Many smokers find that smoking alleviates stress, elevates their mood and improves their concentration – and this does indeed happen in the short term. However, in the long run, quitting smoking alleviates anxiety as effectively as medication. Quitting or substantially cutting back on smoking is worth it, even though the withdrawal symptoms can momentarily include anxiety.
Anxiety can be the reason for or the result of use of intoxicants such as alcohol, tobacco, snuff or drugs. In the short term, intoxicants can alleviate anxiety symptoms, but in the long run, their excessive use will increase anxiety. Previous studies have shown that intoxicants have an impact on the operation and development of the brain, and some people are also genetically predisposed to intoxicant use.

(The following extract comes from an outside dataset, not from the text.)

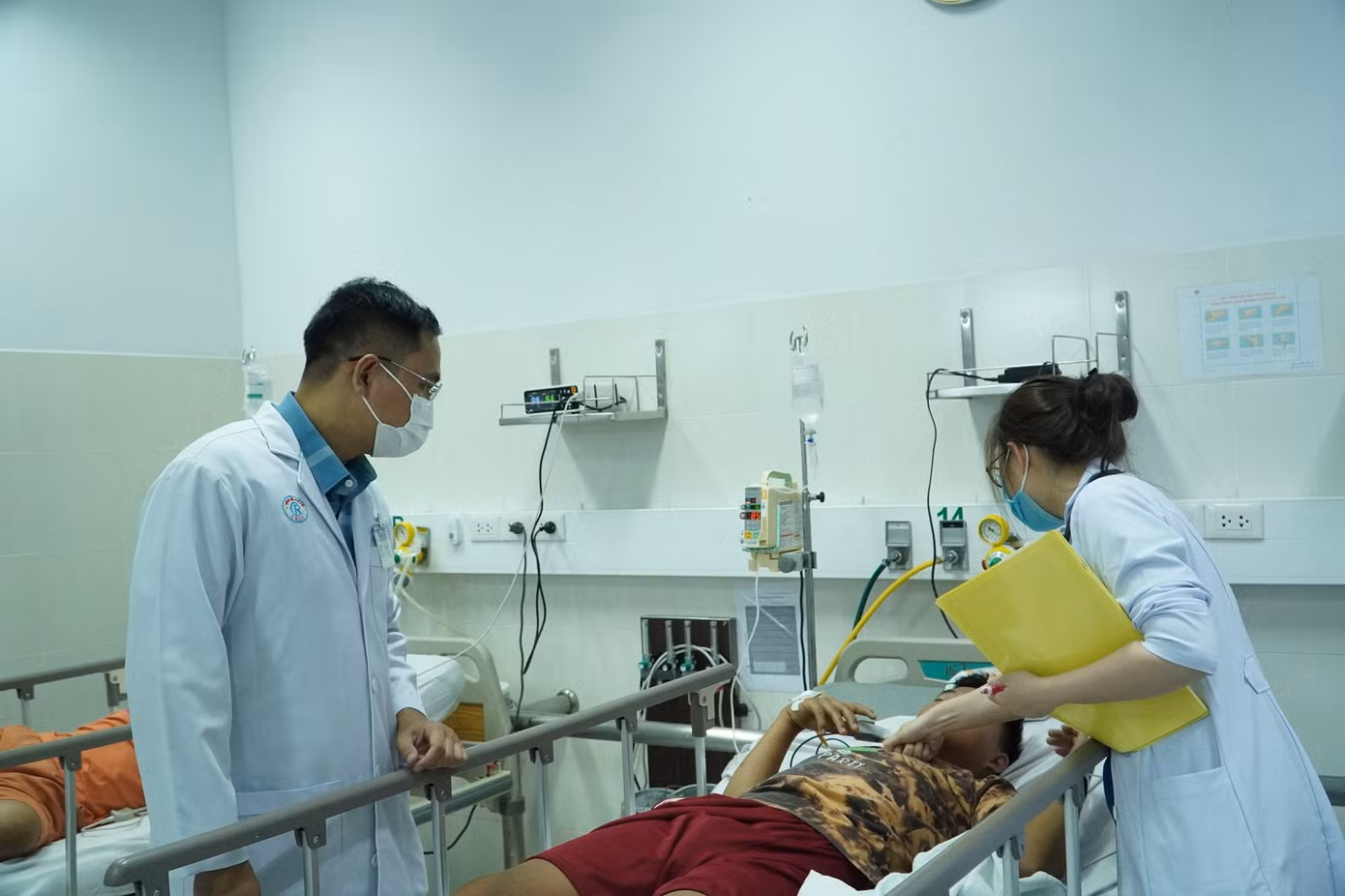 Các bệnh nhân được bác sĩ chẩn đoán bị ngộ độc botunium từ thực phẩm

Anxiety disorders are one risk factor in intoxicant abuse: the person tries to rid themselves of an unbearable emotional state with intoxicants, but as the effects wear off, the anxiety often comes back stronger than before. As such, excessive use of alcohol or other intoxicants makes anxiety worse and has a major impact on the person’s quality of life, e.g. by undermining their quality of sleep and personal relationships. Additionally, the withdrawal symptoms of intoxicants resemble anxiety symptoms, adding to the existing anxiety.
Sleep
When a person is experiencing severe anxiety and their mind is filled with worries, it can be difficult for them to fall asleep. Persistent difficulties with falling asleep cause sleep deprivation, which in turn affects brain regions that react to anxiety. Among other things, studies have shown that people with a tendency to worry are susceptible to the effects of sleep deprivation.
Sleep deprivation has been found to intensify anxiety by affecting the operation of the amygdala and the insular cortex of the brain, excessive activation of which is known to be involved specifically in anxiety disorders. For example, the amygdala is very quick to send a message to the brain if something is perceived as frightening or threatening.

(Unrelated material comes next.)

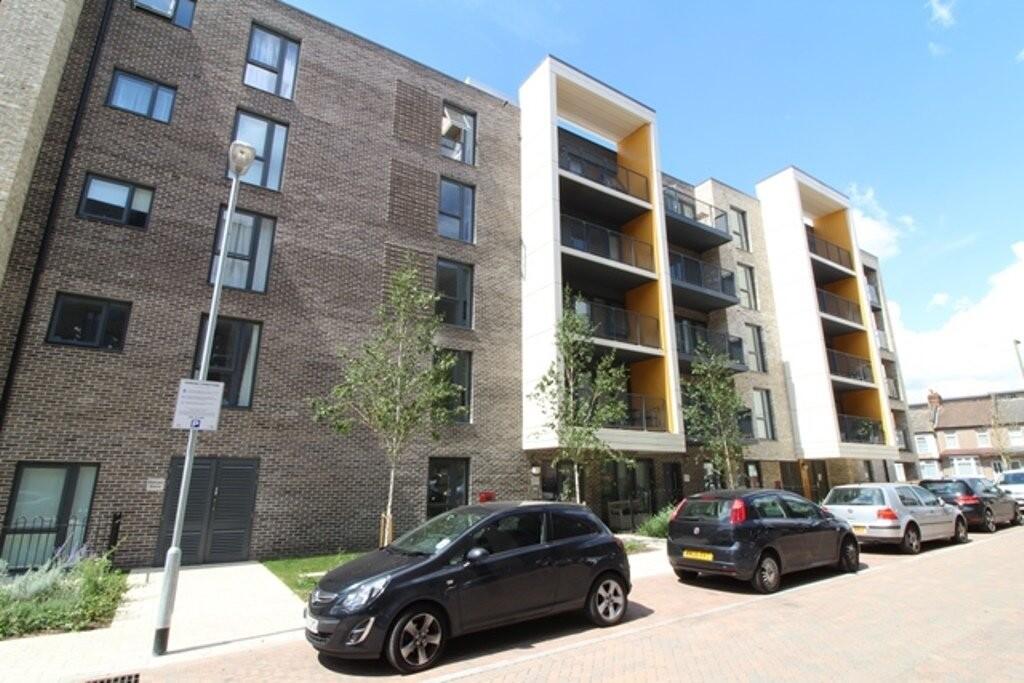 2 bed Apartment for rent in London. From Mile - Colindale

Sometimes, anxiety and insomnia are difficult to tell apart. Researchers are yet to establish whether sleep difficulties cause anxiety or whether insomnia is a by-product of anxiety. However, a person can influence their wellbeing and mood by sleeping enough. A good night’s sleep makes the mind and the body more energised, which can contribute substantially to reducing anxiety.
Exercise
A low level of physical activity is connected to the occurrence of anxiety. Both endurance and strength training have been observed in several studies to reduce anxiety symptoms. Exercise can bring more joy and pleasant experiences to a person’s life. Regular exercise has been observed to alleviate anxiety.
Exercise has numerous impacts not only on physical health, but mental health as well. One key impact is the feeling of pleasure and gratification generated by exercise, which is based on an increase in pleasure-inducing hormones, such as endorphin and dopamine. Exercise has been observed to have a positive impact on aspects such as stress and mood. Exercising with others also reinforces a sense of togetherness, which is a basic human need.
Great, you have made it to the end!
This self-care programme ends here. It is now time for you to thank yourself for taking the time to examine your anxiety and practise new ways to regulate it. Going through the programme has required commitment and determination. This self-care programme is only the beginning in the lifelong maintenance of your wellbeing. Because anxiety is a part of life and has a tendency to intensify in stressful life situations, for example, it is important that you continue practising after the end of this programme.
At the start of this self-care programme, you took an anxiety questionnaire. Do you remember what your anxiety was like back then? You can now take the questionnaire again. It is great if your anxiety regulation skills have improved and your anxiety has lessened over the course of this programme. If anxiety continues to be a significant hindrance in your life, do not feel like you have to tackle it alone and do not hesitate to contact your local health station.